Recruit Profile: DE Joe Keels
DE Joe Keels | Kenosha, Wisc. – Highland (Kan.) Community College | 6-4, 275
RANKINGS: There’s some debate about Keels’ actual position — 247Sports ranks him among the defensive tackles, Scout the defensive ends and he could probably play some linebacker if he had to — but there is a consensus on this: Keels ranks among the best junior college prospects in the class of 2014. (Note: Rivals JUCO rankings are being updated and not available at the moment. It’s not that Keels doesn’t register.)
Rivals: 3-star, NR | Scout: 4-star, 3 (DE) | 247: 4-star, 5 (DT)

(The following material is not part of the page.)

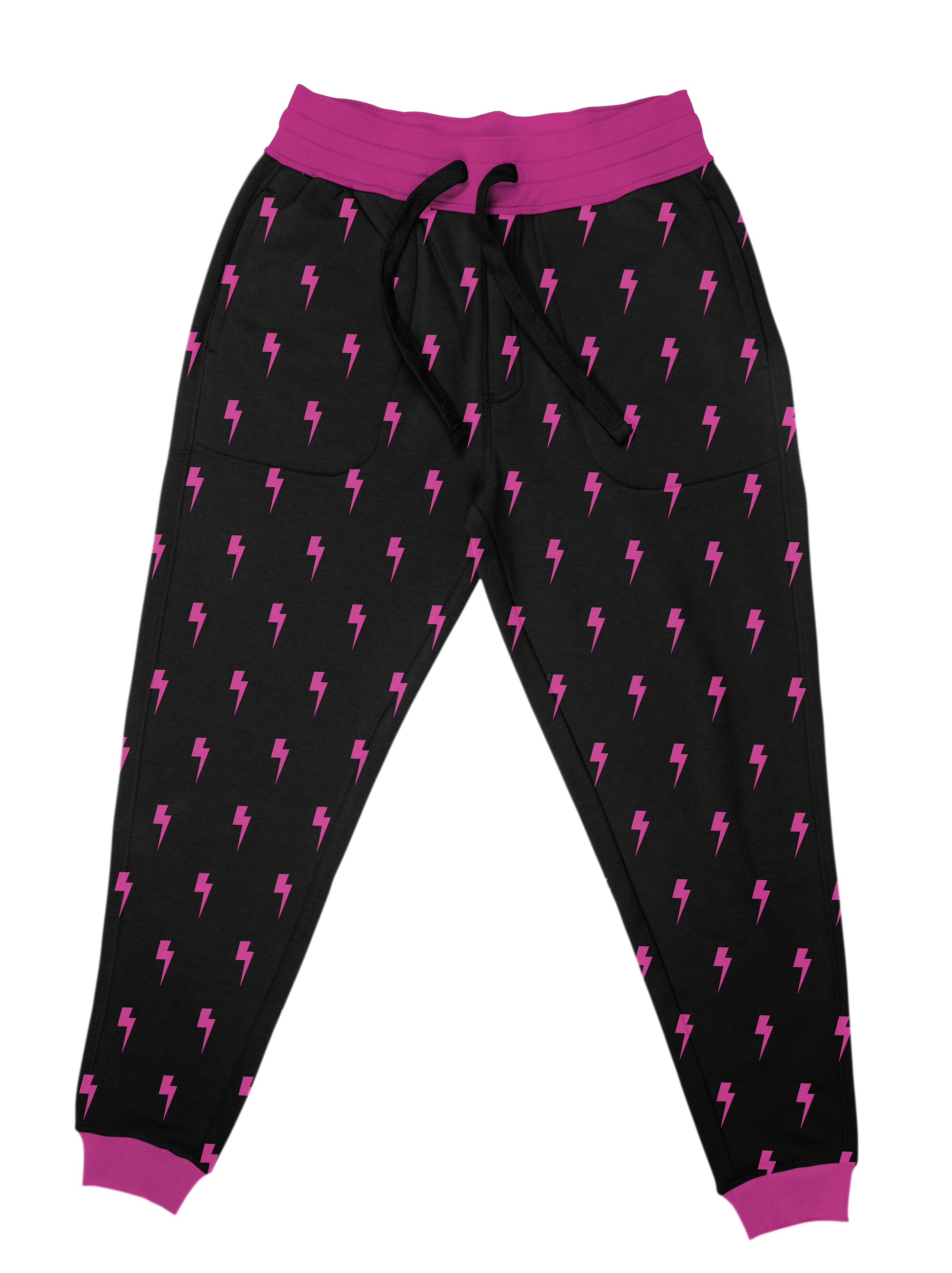 Neon Pink Bolt Unisex Joggers Jogger Pant T6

And Nebraska’s current team rankings as of today (national, Big Ten):
Rivals: 33, 5 | Scout: 34, 6 | 247: 36, 6
WHO ELSE WAS INTERESTED: Wisconsin, most famously. Keels was a verbal commit to the Badgers and — considering that he played his high school ball in the Badger State and his cousin, Melvin Gordon, is sort of a big deal there — it seemed unlikely that Nebraska would be able to flip him, but credit to the Huskers’ staff. It did just that and that was despite Keels taking visits to both Wisconsin and West Virginia after he visited Lincoln in November. In terms of an offer list, Keels’ is as impressive as any other player in Nebraska’s 2014 class. He had more than 20 offers, the best of which were from the likes of USC, Texas, Penn State, Alabama, Ohio State, Oregon, and North Carolina.

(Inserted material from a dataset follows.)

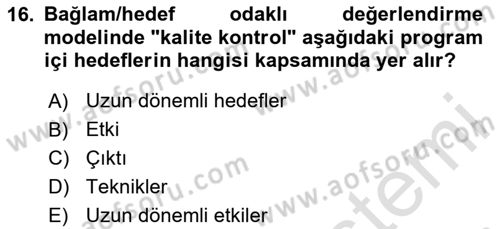 Halkla İlişkiler Yönetimi Dersi 2024 - 2025 Yılı (Final) Dönem Sonu Sınav Soruları 16. Soru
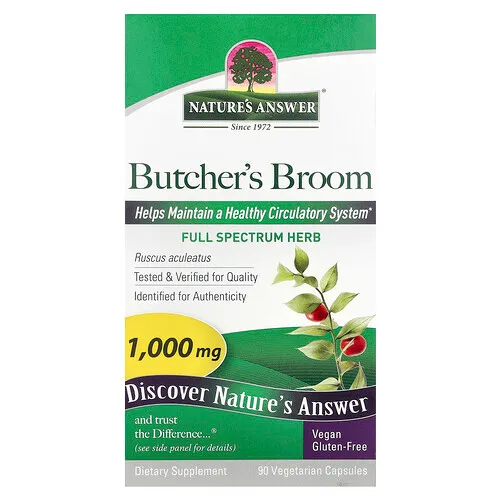 Nature's Answer, Rusco, 90 cápsulas vegetales (500 mg por cápsula)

HOW HE FITS: Keels is one of three players already enrolled along with QB Zack Darlington and JUCO DB Byerson Cockrell. That’s important because Keels suddenly might have a clear run at significant playing time in 2014. That would mean that he’d have to settle at defensive end — and I suspect he will — but with Avery Moss’s status up in the air, Nebraska could have a battle going on opposite Randy Gregory and Keels will be there in the spring to make his case alongside guys like Greg McMullen and A.J. Natter.
HOW HE LOOKS: At 6-4, 275 Keels is two inches shorter but 20 pounds heavier than what Gregory was listed at on the 2013 roster. (Ten pounds heavier than Moss too.) That makes him a more conventional looking defensive end, but he’s plenty versatile. In his highlights from this past season you can see him in four-, three- and two-point stances at defensive end. He played some outside linebacker when Highland went to a 3-4 look. He lined up on a slot receiver once or twice. That’s pretty good range for his size but the thing that impresses most about Keels is not his athleticism — though there’s plenty of that — but his patience. You can see on film that Keels is a pretty “sound” defender, slow playing option runs, staying home on screens to try to disrupt the pass then getting downfield to help on the tackle. Every player at every level is coached to play this way, but actually seeing it on the field is another matter. Keels shows it and that should help him get on the field soon at Nebraska. I’d be surprise if he didn’t play early in 2014.